REPUBLIKA.CO.ID, TANGERANG SELATAN -- Revisi Undang-Undang (UU) Nomor 5 Tahun 1999 tentang Larangan Praktik Monopoli dan Persaingan Usaha Tidak Sehat, hingga saat ini belum juga disahkan. Revisi itu akan berdampak pada bertambahnya kewenangan dan fungsi yang dimiliki Komisi Pengawas Persaingan Usaha (KPPU), Karena selama ini peran yang dimiliki baru sebatas penyelidikan.
Komisioner KPPU Guntur Saragih ikut menyindir, karena lambannya proses pengesahan di DPR. Ia bernazar akan menggunduli rambutnya, jika revisi UU Nomor 5 disahkan pada tahun terakhir masa jabatan anggota DPR RI periode 2014 – 2019 saat ini.
“Saya nazar cukur gundul kalau sampai akhir tahun 2019 ini revisi UU Nomor 5 Tahun 1999 disahkan,” katanya di Hotel Mercure Alam Sutera, Kota Tangerang Selatan (Tangsel), Jumat (20/9).

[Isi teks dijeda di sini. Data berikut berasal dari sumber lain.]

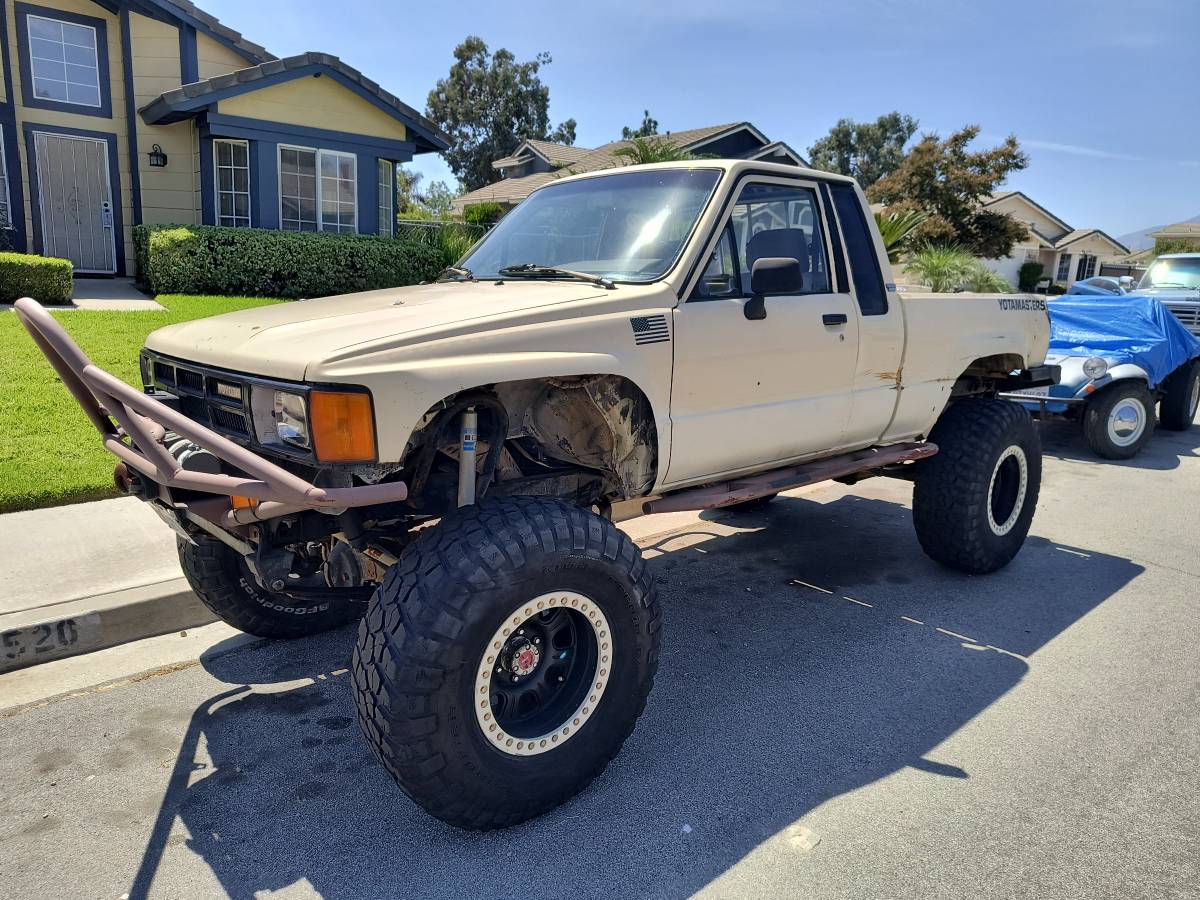 Toyota-x-tra-cab-1986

Saragih menjelaskan, dia memahami terkait UU Nomor 5 Tahun 1999 memang dibuat sesuai dengan kebutuhan pada masa itu. Namun seiring perkembangan zaman, maka diperlukan revisi agar apa yang diamanatkan kepada KPPU bisa maksimal dilaksanakan.

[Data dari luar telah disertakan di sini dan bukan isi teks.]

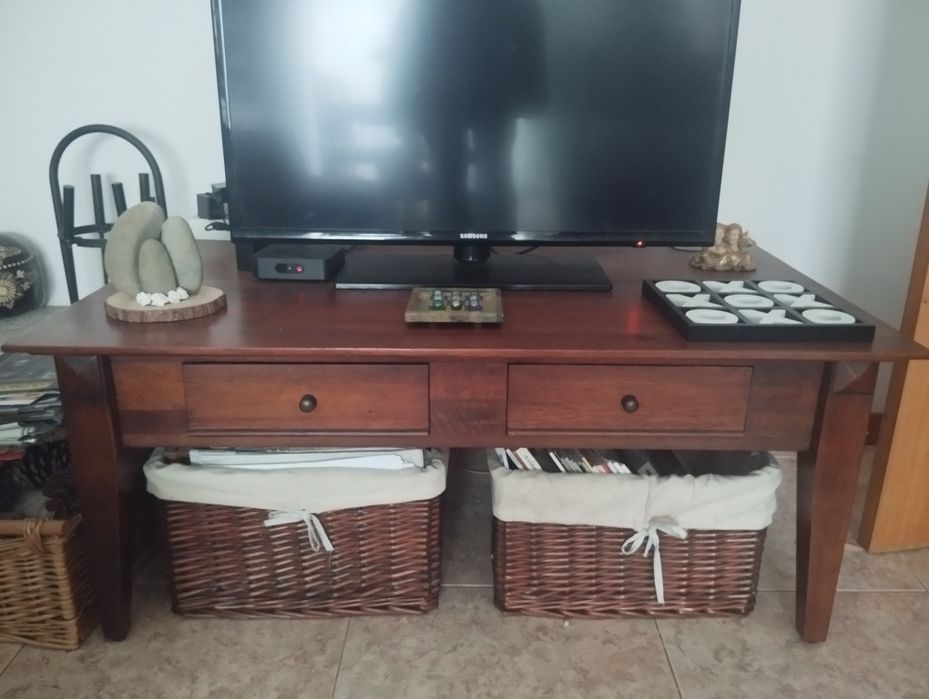Mesinha de centro ou televisão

“Kita meyakini bahwa pada tahun 1999 ya memang dibuat sesuai dengan pada masa itu. Jadi kita sangat berharap segera direvisi. Kita tidak ngambek walau tak juga disahkan, kita tetap menjalankan tugas sesuai aturan yang ada. Kami sangat berharap amandemen segera terjadi di detik akhir masa tugas DPR saat ini,” ucapnya.
Beberapa poin penting yang masuk dalam revisi UU Nomor 5 tahun 1999. Di antaranya soal ekstra teritorial di mana sebelumnya KPPU hanya berwenang memeriksa pelaku usaha yang berdomisili di Indonesia. Namun saat direvisi, maka kewenangannya diperluas sehingga bisa memeriksa di manapun domisili pelaku usaha.

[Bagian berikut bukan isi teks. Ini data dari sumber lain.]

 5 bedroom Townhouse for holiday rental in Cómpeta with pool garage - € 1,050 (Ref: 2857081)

Berikutnya soal denda yang dikenakan, jika pada UU yang lama, denda itu maksimal hanya sekira Rp 25 miliar. Setelah direvisi, maka KPPU bisa mengenakan denda sebesar 30 persen dari perolehan keuntungan atas persaingan usaha yang tidak sehat itu.
Sementara itu, soal kelembagaan KPPU yang selama ini belum kuat. Banyak pegawai Sumber Daya Manusia (SDM) KPPU yang merasa tak nyaman akibat tak jelasnya status mereka. Hal demikian memicu perpindahan pegawai ke lembaga lain. “Nasib pegawai kami tak jelas, pegawai kami itu mayoritas bukan ASN, jadi statusnya tidak jelas,” tambahnya.